Before the pandemic, $84 billion was allocated for schools in the state and $144 million specifically for SRCS. Due to over abundance of costs according to SRCS, a Fiscal Stabilization Plan was made to address the looming $13 million deficit, including $7 million in budget cuts for the 2020-2021 school year and an additional $3.7 million in budget cuts for the 2021-2022 school year. With the deficit going nowhere, that will also factor into decision making.
In a statement about the May Revised Budget from Governor Newsom, California State Superintendent of Public Instruction Tony Thurmond said, “While the measures outlined in today’s proposals are far from what our schools need, we also understand that our state is facing impossible choices under impossible circumstances. I will continue to advocate on behalf of our students and educators through each step of the Legislature’s budget adoption process in the coming weeks.”

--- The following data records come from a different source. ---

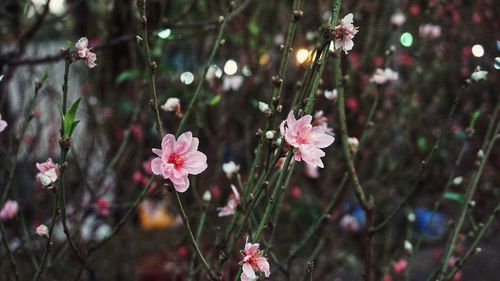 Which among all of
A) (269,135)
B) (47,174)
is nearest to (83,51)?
(47,174)

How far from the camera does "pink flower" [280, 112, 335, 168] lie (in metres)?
1.29

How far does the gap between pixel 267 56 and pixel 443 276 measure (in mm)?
3118


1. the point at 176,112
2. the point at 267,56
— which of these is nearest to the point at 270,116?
the point at 176,112

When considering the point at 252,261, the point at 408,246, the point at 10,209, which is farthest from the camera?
the point at 10,209

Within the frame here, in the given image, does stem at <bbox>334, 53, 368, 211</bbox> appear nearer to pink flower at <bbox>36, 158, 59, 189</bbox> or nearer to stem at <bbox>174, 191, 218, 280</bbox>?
stem at <bbox>174, 191, 218, 280</bbox>

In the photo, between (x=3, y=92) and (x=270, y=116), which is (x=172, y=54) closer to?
(x=3, y=92)

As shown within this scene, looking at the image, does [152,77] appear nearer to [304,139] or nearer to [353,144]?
[304,139]

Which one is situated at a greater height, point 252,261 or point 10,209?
point 252,261

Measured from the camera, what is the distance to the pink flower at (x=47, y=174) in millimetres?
1433

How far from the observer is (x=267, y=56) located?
15.6 feet

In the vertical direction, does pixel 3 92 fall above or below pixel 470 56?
below

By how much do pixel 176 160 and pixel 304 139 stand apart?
1.04 feet

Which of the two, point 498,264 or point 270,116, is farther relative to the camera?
point 498,264

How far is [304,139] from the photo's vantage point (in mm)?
1324
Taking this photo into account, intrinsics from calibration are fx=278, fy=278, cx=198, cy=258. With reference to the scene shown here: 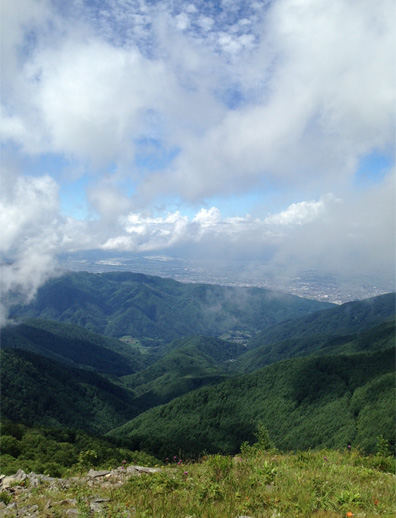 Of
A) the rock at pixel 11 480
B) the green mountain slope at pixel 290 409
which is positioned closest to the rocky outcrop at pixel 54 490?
the rock at pixel 11 480

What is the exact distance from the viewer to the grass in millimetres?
8727

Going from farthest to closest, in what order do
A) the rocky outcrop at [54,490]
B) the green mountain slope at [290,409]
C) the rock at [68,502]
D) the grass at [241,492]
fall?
the green mountain slope at [290,409], the rock at [68,502], the rocky outcrop at [54,490], the grass at [241,492]

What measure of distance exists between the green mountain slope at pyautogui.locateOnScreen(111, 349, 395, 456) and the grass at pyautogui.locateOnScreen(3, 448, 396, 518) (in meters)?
90.8

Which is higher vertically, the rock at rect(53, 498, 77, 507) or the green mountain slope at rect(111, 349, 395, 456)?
the rock at rect(53, 498, 77, 507)

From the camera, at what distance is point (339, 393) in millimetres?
137500

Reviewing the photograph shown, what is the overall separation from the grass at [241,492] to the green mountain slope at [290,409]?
9079 cm

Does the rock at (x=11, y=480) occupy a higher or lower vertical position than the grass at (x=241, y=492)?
lower

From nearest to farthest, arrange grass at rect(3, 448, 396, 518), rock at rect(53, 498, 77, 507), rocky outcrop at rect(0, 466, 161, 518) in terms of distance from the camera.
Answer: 1. grass at rect(3, 448, 396, 518)
2. rocky outcrop at rect(0, 466, 161, 518)
3. rock at rect(53, 498, 77, 507)

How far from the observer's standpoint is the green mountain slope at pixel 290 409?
107 m

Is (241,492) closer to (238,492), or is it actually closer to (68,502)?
(238,492)

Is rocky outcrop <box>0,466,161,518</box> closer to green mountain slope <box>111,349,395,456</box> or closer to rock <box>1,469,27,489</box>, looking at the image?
rock <box>1,469,27,489</box>

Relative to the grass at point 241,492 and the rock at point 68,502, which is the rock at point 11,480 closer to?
the grass at point 241,492

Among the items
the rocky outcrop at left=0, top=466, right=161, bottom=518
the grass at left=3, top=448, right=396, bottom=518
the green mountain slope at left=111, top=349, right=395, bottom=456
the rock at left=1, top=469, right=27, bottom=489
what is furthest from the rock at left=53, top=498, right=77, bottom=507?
the green mountain slope at left=111, top=349, right=395, bottom=456

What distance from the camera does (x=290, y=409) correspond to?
14675cm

Thurmond also expressed his support for the $3 trillion HEROES Act that has passed the House of Representatives, led by Democrats, which among other things, provides $1 trillion to state, local, territorial, and tribal governments which includes money for teachers and schools. The bill is predicted to die in the Senate, however, due to the statement of Senate Majority Leader Mitch Mconnell calling the bill a “liberal wish-list” and many other Senate Republicans backing him up, saying there are provisions in the bill that do not relate to the Coronavirus.
If no funding happens to come from the federal government, then California will deal with a predicted $54.3 billion budget shortfall, just one year after having a $5.6 billion surplus and $21 million in reserves. Now the budget deficit is more than three times the “rainy day” that they updated after the pandemic began. With all of these factors, Edson concluded, that “SRCS is preparing to significantly reduce expenditures in the following year.”